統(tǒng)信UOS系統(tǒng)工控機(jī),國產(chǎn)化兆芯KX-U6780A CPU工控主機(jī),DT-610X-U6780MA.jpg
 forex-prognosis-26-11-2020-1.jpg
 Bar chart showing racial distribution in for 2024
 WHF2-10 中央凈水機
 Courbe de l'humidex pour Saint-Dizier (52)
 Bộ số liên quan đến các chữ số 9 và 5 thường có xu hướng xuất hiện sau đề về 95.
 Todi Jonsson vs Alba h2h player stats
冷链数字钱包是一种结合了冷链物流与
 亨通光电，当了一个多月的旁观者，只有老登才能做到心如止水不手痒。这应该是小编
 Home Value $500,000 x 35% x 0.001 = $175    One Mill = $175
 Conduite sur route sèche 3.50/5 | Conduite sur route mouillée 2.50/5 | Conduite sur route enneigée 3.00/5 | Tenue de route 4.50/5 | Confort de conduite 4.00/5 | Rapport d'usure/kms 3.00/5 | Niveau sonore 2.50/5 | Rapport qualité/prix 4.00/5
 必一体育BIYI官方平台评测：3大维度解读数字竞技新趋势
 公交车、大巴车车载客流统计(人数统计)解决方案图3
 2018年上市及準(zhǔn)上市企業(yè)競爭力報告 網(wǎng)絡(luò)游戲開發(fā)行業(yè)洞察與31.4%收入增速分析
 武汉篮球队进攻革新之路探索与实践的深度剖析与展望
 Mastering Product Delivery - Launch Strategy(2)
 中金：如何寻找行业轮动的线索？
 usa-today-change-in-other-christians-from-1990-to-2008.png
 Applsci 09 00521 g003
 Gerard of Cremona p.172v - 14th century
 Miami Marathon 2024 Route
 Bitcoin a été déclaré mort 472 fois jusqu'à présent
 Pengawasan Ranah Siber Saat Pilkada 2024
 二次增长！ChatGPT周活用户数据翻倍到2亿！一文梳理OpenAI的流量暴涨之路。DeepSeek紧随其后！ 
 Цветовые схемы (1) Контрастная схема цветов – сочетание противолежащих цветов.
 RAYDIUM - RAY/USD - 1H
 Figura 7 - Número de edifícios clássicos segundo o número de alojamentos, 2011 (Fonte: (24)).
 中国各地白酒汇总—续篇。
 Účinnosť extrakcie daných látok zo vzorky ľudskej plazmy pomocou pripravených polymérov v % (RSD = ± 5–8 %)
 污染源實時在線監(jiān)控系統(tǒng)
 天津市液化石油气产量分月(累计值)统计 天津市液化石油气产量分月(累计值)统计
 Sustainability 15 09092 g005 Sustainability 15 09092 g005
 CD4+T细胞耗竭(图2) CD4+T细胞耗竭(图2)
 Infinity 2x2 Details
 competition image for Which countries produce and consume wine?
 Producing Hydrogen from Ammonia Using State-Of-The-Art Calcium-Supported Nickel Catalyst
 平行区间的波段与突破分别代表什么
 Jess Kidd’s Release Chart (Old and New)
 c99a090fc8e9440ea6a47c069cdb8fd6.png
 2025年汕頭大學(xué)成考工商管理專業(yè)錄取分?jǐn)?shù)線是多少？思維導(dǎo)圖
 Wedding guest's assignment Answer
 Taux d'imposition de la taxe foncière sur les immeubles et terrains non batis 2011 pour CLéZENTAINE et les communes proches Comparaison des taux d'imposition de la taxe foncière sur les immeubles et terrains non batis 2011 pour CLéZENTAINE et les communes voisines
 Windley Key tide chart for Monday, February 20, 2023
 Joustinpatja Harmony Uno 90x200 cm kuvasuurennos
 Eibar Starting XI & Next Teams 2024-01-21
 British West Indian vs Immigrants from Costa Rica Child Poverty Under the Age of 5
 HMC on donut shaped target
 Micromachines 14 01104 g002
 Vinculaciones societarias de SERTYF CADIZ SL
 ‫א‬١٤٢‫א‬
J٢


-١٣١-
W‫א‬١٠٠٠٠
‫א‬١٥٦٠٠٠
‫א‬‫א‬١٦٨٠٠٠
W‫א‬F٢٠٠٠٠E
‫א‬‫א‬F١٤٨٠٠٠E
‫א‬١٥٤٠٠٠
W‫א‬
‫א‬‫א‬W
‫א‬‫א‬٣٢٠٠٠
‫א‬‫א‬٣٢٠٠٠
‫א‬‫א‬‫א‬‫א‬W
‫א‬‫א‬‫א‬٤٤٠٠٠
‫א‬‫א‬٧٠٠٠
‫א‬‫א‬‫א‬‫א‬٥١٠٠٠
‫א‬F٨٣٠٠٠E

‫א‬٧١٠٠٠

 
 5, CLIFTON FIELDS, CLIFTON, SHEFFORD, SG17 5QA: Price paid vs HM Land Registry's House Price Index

────────────────────

- What the task requires:
Print only the lines running from the one with "2025年汕頭大學(xué)" to the final line of the data above, each exactly as it appears.

- Answer space:
 2025年汕頭大學(xué)成考工商管理專業(yè)錄取分?jǐn)?shù)線是多少？思維導(dǎo)圖
 Wedding guest's assignment Answer
 Taux d'imposition de la taxe foncière sur les immeubles et terrains non batis 2011 pour CLéZENTAINE et les communes proches Comparaison des taux d'imposition de la taxe foncière sur les immeubles et terrains non batis 2011 pour CLéZENTAINE et les communes voisines
 Windley Key tide chart for Monday, February 20, 2023
 Joustinpatja Harmony Uno 90x200 cm kuvasuurennos
 Eibar Starting XI & Next Teams 2024-01-21
 British West Indian vs Immigrants from Costa Rica Child Poverty Under the Age of 5
 HMC on donut shaped target
 Micromachines 14 01104 g002
 Vinculaciones societarias de SERTYF CADIZ SL
 ‫א‬١٤٢‫א‬
J٢


-١٣١-
W‫א‬١٠٠٠٠
‫א‬١٥٦٠٠٠
‫א‬‫א‬١٦٨٠٠٠
W‫א‬F٢٠٠٠٠E
‫א‬‫א‬F١٤٨٠٠٠E
‫א‬١٥٤٠٠٠
W‫א‬
‫א‬‫א‬W
‫א‬‫א‬٣٢٠٠٠
‫א‬‫א‬٣٢٠٠٠
‫א‬‫א‬‫א‬‫א‬W
‫א‬‫א‬‫א‬٤٤٠٠٠
‫א‬‫א‬٧٠٠٠
‫א‬‫א‬‫א‬‫א‬٥١٠٠٠
‫א‬F٨٣٠٠٠E

‫א‬٧١٠٠٠

 
 5, CLIFTON FIELDS, CLIFTON, SHEFFORD, SG17 5QA: Price paid vs HM Land Registry's House Price Index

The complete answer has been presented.